The Golden-Thompson inequality --- historical aspects and random matrix applications

TL;DR

This paper reviews the historical development and diverse applications of the Golden-Thompson inequality, especially in random matrix theory, highlighting new proofs, geometric interpretations, and norm generalizations.

Contribution

It provides a comprehensive survey including an unpublished proof, historical context, geometric insights, and applications to concentration inequalities in random matrices.

Findings

Unpublished Dyson proof of the inequality

Relation of the 2x2 case to hyperbolic geometry

Generalization to unitarily invariant norms

Abstract

The Golden-Thompson inequality, ${\rm Tr} \, (e^{A + B}) \le {\rm Tr} \, (e^A e^B)$ for $A,B$ Hermitian matrices, appeared in independent works by Golden and Thompson published in 1965. Both of these were motivated by considerations in statistical mechanics.

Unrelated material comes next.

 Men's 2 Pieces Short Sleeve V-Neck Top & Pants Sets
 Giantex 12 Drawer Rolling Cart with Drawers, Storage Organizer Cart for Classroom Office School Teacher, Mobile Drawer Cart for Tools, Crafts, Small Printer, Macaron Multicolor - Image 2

In recent years the Golden-Thompson inequality has found applications to random matrix theory. In this survey article we detail some historical aspects relating to Thompson's work, giving in particular an hitherto unpublished proof due to Dyson, and correspondence with P\'olya. We show too how the $2 \times 2$ case relates to hyperbolic geometry, and how the original inequality holds true with the trace operation replaced by any unitarily invariant norm. In relation to the random matrix applications, we review its use in the derivation of concentration type lemmas for sums of random matrices due to Ahlswede-Winter, and Oliveira, generalizing various classical results.